Сказанное относится, главным образом, к положению в прозе, как в рамках, так и вне рамок Союза писателей. Вполне возможно, что картина, набросанная мной, не полна или неверна в деталях, но общий вид примерно таков. Я не был членом Союза писателей и не испытывал сколько-нибудь сильного желания им стать. Не из обскурантизма и не из-за высоких принципов, но потому что меня вполне устраивали те условия работы, в которых я находился, потому что сама работа отнимала довольно много времени и душевной энергии, и жалко было тратить остававшееся на хитросплетения внутреннеполитической жизни литературного мира. Я был членом профсоюза литераторов при Министерстве культуры, и профсоюзный билет более или менее ограждал меня от неприятностей, возможных для человека, не имеющего штампа с места работы в паспорте. Источником моего существования служили переводы, и в этой области я не испытывал никакого остракизма: работы всегда было слишком много — так много, что порой она мешала заниматься собственными делами, то есть сочинительством. Я зарабатывал около ста рублей в месяц, и этого для меня было достаточно.

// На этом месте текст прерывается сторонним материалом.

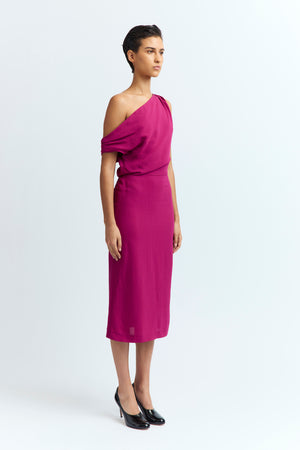 Kira Midi Dress in Crepe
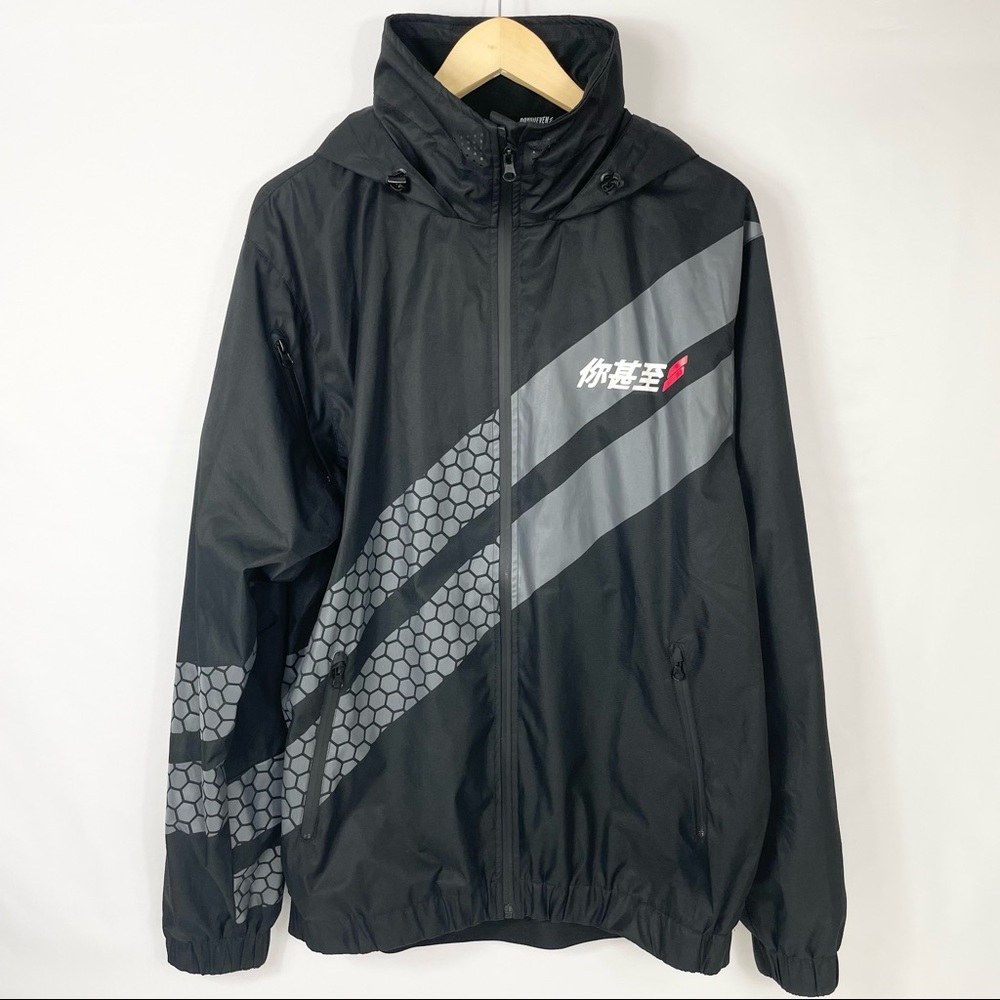 3/$25 Dynasty Black Windbreaker Jacket Rollaway Hood Zip Pockets Chinese XL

Меня мало беспокоило, что стихи мои не печатаются. Прежде всего потому, что поэзия — это скорее подход к вещам, к жизни, а не типографская продукция. Разумеется, мне бывало приятно, когда мои стихи печатались, но мне гораздо интереснее было просто писать их и думать то, что я думал. Я не очень люблю параллели между видами искусства, но хочу сказать, что художнику приятней работать над картиной, чем слышать то, что ему о ней, вывешенной, говорят. Пусть даже и знатоки. Работа сама по себе куда интереснее, чем судьба продукта, в этом я расхожусь с Марксом. Как, в конце концов, можно представить себе торжество художника, особенно поэта? В чем оно должно выражаться? Цветы, прожекторы, поцелуй кинозвезды? Я думаю, что торжеством Фроста было не присутствие на инаугурационной церемонии Джона Кеннеди, но день, когда он поставил точку в стихотворении «West-Running Вгоок»[31].
Ибо у искусства нет внешнего измерения. Оно всегда индивидуально: в момент созидания — художником, в момент потребления (восприятия) — зрителем. Оно не нуждается в посредниках и даже, когда труд окончен, чуждо автору. Автору можно сказать спасибо, но можно и не говорить: максимум — созидание, а не награда за него. Я любил заниматься своим делом, и если за это даже приходилось расплачиваться кое-какими неприятностями — что ж, я всегда был более или менее готов. Готов и сейчас. Разница между положением писателя на Востоке и на Западе, по сути дела, не слишком велика. И там, и здесь он пытается прошибить лбом довольно толстую стену. В первом случае стена реагирует на малейшее головы к ней прикосновение таким образом, что это угрожает физическому состоянию писателя. Во втором — стена хранит молчание, и это угрожает состоянию психическому. Я, правду сказать, не знаю, что страшнее. Хуже всего, когда имеет место сочетание, а для многих из нас оно существовало.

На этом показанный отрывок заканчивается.